These numbers are pretty crocked. For the B-26 the DGW is 26,734 lbs. according to T.O. No. 01-35EA-1, March 1942.
Normal gross load is listed at 28,706 lbs.
Max alternate load is 33,326 lbs.
In a later edition the pilot's notes carry a caveat against take offs if above 36,500 lbs
Max G-load is -1.5/+3.5 up to 31,000 lbs, -1.5/+2.5 above 31,000 lbs., 
Not sure if this is the load factor or only the safe operating limits.


----------



## Shortround6 (Sep 14, 2018)

Zipper730 said:


> * I'm not sure how design weight is heavier than maximum takeoff, but...
> ** The initial P-40 variant has no letter attached to it (P-40 Flat)
> ** The initial P-51 variant has no letter attached to it (P-51 Flat)
> *** The RAF Airacobra is similar to our P-39D except that the cannon is different
> ...



*The Tomahawk MK 1 was not quite equivalent to any P-40. Differences in armor, self sealing tanks and minor equipment fell between the US P-40 models.
The P-40 (no letter) only had a single .30 cal gun in each wing and no protection. 
** the Mustang I and IA were different models. They had different armament and different model Allison engines. 
The Ventura I was the original paid for in cash Ventura, The B-34 came in with lend lease. The Ventura I used 1850hp R-2800 engines, later Venturas used 2000hp engines (B-27 used 1700 Wright R-2600s) 

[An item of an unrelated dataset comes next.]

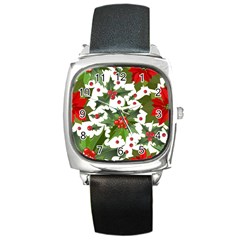 Christmas Berries Square Metal Watch by goljakoff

**** If you have Boston that grosses 20,000lbs it has R-2600 engines and not the R-1830 engines of the DB-7. Confusing things is there were DB-7As and DB-7Bs
which were quite different than the original DB-7. 

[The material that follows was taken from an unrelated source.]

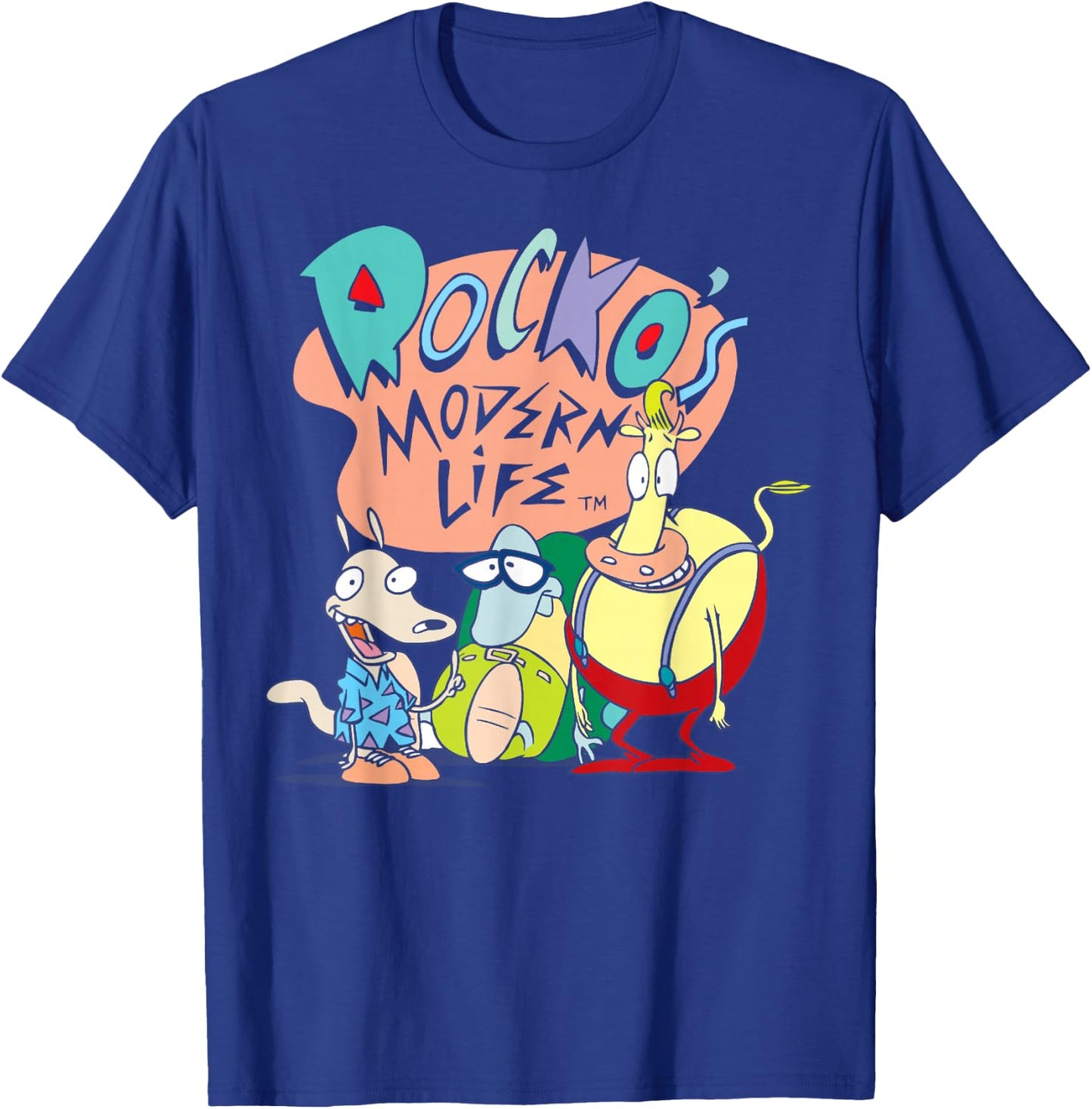 Rocko's Modern Life Group Retro Title T-Shirt - T-Shirt | Royal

***** In the early days when the B-25*B *gained 3900lbs gross over the B-25*A *and the B-26A was running light itself (like two 30 cal guns and three .50 cal guns and 200 rounds per .50 cal gun).

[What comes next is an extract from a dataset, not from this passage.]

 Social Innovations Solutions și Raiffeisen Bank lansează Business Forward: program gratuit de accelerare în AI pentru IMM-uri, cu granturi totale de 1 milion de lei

Reactions: Informative Informative:
1 | Like List reactions


----------



## Zipper730 (Sep 15, 2018)

Greg Boeser said:


> These numbers are pretty crocked.


I'm not entirely surprised.


> For the B-26 the DGW is 26,734 lbs. according to T.O. No. 01-35EA-1, March 1942.
> Normal gross load is listed at 28,706 lbs.
> Max alternate load is 33,326 lbs.
> In a later edition the pilot's notes carry a caveat against take offs if above 36,500 lbs
> Max G-load is -1.5/+3.5 up to 31,000 lbs, -1.5/+2.5 above 31,000 lbs.


On all variants?



Shortround6 said:


> The Tomahawk MK 1 was not quite equivalent to any P-40. Differences in armor, self sealing tanks and minor equipment fell between the US P-40 models.


That's good to know, I'll amend that.


> ** the Mustang I and IA were different models. They had different armament and different model Allison engines.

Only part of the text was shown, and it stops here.